Wow, I thought, David Brooks sounds like a teacher. Even though I consider myself a passionate advocate for the use of technology in schools, I still struggle with those same points. But if we can balance our enthusiasm about technology with our recognition of Brooks’s points, we can be the adaptive professionals that students deserve.
From Defense to Offense
The first panel included a group of international experts on technology in schools. None of them were teachers. I decided to move from defense to offense—by asking a question: “What concrete action steps, from your various perspectives, can be taken to help teachers use technology to teach?”
Here’s how Harri Skog, the permanent secretary of Finland's Ministry of Education, responded:
I think it helps a lot if a teacher has an autonomous way of having his own discretion at the level of the classroom....I think it is very important for teachers to be able to plan how they want to teach, but that needs to have this kind of trust situation. If I would be asked one thing to have, it would be more autonomy in schools.
I was sitting next to Diana Laufenberg, a powerful and visionary teacher from the Philadelphia Science Leadership Academy—we both started clapping.
Meeting the Players
Between attending panels and informally networking, I met many passionate advocates for 21st-century learning.
- Larry Berger, founder and president of Wireless Generation, spoke on a panel about technical tools for the classroom. He highlighted how technology could strengthen teachers’ formative assessment efforts.
- Jacqueline Botterill, director of social public good for Skype, shared news of Skype in the classroom, connecting teachers and learners across the globe.
- Scott Kinney, senior vice president at Discovery Education, described how the Discovery Educator Network enables public school teachers to leverage streaming media for student learning and professional development.
- Joel Arquillos is executive director of 826LA, a nonprofit writing and tutoring center that provides free writing programs for Los Angeles students, including after-school and in-school tutoring, field trips, workshops, and publishing resources.
- Erik Michielsen founded Capture Your Flag, a project that is conducting qualitative interviews with aspirational leaders, tracking them over time.
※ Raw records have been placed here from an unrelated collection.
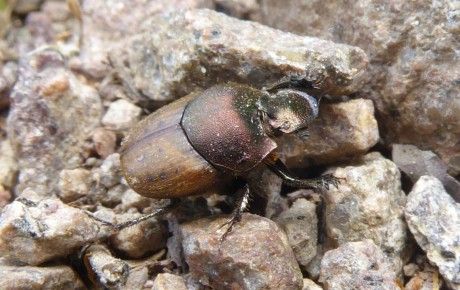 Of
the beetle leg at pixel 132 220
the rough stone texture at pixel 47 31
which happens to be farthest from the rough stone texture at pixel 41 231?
the rough stone texture at pixel 47 31

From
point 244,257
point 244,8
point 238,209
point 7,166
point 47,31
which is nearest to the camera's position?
point 244,257

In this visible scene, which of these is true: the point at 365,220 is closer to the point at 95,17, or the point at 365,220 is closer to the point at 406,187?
the point at 406,187

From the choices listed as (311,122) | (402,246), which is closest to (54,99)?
(311,122)

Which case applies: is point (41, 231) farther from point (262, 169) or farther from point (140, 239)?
point (262, 169)

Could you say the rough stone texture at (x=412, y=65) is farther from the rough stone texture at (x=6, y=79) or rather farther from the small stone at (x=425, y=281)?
the rough stone texture at (x=6, y=79)

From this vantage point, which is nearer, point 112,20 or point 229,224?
point 229,224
Erik will apply tagging and coding techniques to these annual interviews, identifying themes that can drive an innovative approach to curriculum development for college and career readiness.
What “Being There” Meant to Me
This conference confirmed one of my deepest held beliefs about teaching: there is a spark between human beings that is essential to the learning process. This fundamental spark in the engine of learning can never be replaced by technology. In fact, the best uses of technology in education will continue to involve person-to-person communication.
The human spark is also what will make a difference in important decisions about educational policy and practice. When teachers can “be there,” they can provide a much-needed window into how policies affect the learning of individual students. When teachers can “be there,” they can ask the questions that need to be answered. We will truly know this spark is alive when teachers (along with students and parents) are not just relegated to “being there,” but are sought-after panelists in important discussions about teaching and learning.